Though the Marvel Cinematic Universe makes maintaining an ongoing movie world seem basically effortless, it requires a massive amount of work to maintain such a consistent level of quality, as these 10 franchises all thoroughly prove.
These series, from massively successful blockbuster IP to more modest horror franchises, have all made colossal mistakes which ended up hurting them either critically, commercially, or both.
From overzealously chasing trends to killing off beloved characters too soon, or maybe just not planning things out in advance, these series all stumbled massively because nobody in a position of creative authority was truly thinking things through.
Perhaps greed got in the way or there were other business-related concerns, but whatever the reason, audiences were left massively disappointed, even infuriated, by these catastrophic, franchise-derailing mistakes...
10. Rushing To A Team-Up Movie - The DC Extended Universe
The success of the Marvel Cinematic Universe popularised interconnected, ongoing blockbuster movie series, and before long Warner Bros. set plans in motion to create DC's own answer to the MCU.
The studio launched what would become the DC Extended Universe with 2013's divisive Man of Steel, yet rather than follow it up with solo movies for each core member of the Justice League, Warner Bros. basically tried to take a shortcut.

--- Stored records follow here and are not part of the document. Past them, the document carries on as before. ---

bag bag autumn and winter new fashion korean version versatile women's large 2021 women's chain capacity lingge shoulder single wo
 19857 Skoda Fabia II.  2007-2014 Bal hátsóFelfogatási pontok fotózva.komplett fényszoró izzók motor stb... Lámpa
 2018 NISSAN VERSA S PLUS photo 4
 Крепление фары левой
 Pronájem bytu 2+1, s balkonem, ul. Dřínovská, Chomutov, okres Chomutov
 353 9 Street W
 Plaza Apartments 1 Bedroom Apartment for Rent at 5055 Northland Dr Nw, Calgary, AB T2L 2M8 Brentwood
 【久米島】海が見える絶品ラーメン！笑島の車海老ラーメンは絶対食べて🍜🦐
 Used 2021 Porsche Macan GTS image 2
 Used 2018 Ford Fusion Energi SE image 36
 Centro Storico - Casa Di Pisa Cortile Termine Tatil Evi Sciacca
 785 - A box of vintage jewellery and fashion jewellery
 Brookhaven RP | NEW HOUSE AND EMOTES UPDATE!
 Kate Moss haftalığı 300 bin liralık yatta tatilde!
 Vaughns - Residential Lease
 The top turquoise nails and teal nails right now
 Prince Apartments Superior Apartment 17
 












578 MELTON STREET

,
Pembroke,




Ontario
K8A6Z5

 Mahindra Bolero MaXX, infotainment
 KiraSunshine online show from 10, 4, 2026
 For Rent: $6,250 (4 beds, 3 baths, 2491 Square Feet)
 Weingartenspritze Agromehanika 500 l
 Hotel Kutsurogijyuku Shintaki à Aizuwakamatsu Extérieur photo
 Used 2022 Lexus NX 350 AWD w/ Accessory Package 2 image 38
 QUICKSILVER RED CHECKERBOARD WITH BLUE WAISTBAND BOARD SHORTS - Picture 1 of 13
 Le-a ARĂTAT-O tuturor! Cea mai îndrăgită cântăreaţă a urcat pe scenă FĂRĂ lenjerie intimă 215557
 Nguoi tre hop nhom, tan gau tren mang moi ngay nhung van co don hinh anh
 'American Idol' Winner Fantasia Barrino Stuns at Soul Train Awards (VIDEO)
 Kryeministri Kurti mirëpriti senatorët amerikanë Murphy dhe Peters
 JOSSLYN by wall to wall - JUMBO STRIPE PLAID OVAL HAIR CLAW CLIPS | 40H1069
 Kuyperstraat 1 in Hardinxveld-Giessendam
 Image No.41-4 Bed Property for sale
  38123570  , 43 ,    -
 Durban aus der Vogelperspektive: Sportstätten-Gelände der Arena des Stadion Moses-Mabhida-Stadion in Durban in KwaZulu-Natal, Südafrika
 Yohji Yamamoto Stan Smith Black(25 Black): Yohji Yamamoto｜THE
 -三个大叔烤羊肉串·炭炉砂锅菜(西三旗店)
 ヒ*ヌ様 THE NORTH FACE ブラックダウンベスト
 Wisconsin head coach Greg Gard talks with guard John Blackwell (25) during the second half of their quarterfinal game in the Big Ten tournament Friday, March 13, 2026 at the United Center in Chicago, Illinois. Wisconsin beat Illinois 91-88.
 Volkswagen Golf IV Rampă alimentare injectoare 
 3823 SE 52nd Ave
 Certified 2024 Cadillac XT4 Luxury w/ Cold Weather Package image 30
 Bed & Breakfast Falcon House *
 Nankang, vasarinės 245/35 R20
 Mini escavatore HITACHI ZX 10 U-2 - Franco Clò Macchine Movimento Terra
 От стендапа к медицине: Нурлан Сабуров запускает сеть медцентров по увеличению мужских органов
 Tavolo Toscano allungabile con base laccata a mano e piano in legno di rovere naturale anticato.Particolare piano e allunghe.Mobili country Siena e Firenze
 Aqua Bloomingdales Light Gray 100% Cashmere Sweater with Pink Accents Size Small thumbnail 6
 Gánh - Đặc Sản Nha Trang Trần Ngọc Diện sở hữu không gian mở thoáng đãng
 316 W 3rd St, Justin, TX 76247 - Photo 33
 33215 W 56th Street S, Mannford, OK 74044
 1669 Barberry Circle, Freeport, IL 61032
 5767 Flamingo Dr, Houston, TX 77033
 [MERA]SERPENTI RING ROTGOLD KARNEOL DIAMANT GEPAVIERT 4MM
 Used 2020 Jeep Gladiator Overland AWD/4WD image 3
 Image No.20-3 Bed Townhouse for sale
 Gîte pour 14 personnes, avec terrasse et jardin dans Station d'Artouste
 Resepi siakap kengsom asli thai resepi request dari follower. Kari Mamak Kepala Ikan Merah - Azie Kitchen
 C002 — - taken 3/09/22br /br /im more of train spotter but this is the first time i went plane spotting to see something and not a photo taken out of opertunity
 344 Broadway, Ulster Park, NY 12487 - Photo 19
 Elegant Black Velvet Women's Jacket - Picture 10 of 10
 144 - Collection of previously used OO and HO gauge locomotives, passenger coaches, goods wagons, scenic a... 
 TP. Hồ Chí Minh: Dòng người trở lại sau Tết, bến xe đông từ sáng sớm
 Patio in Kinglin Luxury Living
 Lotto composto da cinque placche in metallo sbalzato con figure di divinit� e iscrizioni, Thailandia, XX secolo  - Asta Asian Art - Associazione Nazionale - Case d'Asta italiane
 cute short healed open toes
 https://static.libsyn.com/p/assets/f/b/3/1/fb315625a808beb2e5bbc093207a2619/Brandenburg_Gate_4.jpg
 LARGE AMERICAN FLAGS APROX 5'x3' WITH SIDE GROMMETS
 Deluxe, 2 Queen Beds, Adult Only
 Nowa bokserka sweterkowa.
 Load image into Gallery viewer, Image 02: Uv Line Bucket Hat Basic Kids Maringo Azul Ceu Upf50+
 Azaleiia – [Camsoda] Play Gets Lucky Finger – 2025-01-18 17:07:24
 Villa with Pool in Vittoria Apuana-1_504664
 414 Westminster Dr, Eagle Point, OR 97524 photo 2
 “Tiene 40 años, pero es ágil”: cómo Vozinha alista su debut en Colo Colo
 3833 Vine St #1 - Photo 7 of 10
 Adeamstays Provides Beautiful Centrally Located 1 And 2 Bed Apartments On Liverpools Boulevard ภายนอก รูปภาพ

And so, 2016's Batman v Superman introduced not only Batman (Ben Affleck) but also Wonder Woman (Gal Gadot), The Flash (Ezra Miller), Aquaman (Jason Momoa), and Cyborg (Ray Fisher), the latter three appearing in piecemeal, stapled-on cameos.
It was painfully clear that Warner Bros. was desperately trying to speed-run the world-building aspect of their franchise in order to get a Justice League movie going as fast as possible.
Except Batman v Superman's polarising response and commercial underperformance ultimately forced the studio to suddenly change tack and revise the already-shooting Justice League into a more light-hearted affair.
This did nothing to address the fact that audiences hadn't yet been invited to care much for The Flash, Aquaman, or Cyborg.
And so, with only Superman and Wonder Woman having their own proper solo movies before Justice League was released in 2017, it wasn't terribly surprising that the superhero epic failed to strike a chord with audiences.
A hellish post-production didn't help, but the salient point is that while Marvel Studios took their time to develop well-received vehicles for most of their focal superheroes, Warner Bros. couldn't see past the dollar signs of a Justice League film.
While you can't really blame the studio for wanting to give a Cyborg solo movie a wide berth, had Aquaman and The Flash been given their own movies upfront, audiences might've been a little more interested in a team-up.
Plus, Warner Bros. could've observed the reaction to these films and then calibrated the Justice League script accordingly, rather than short-sightedly shoving it out the front door.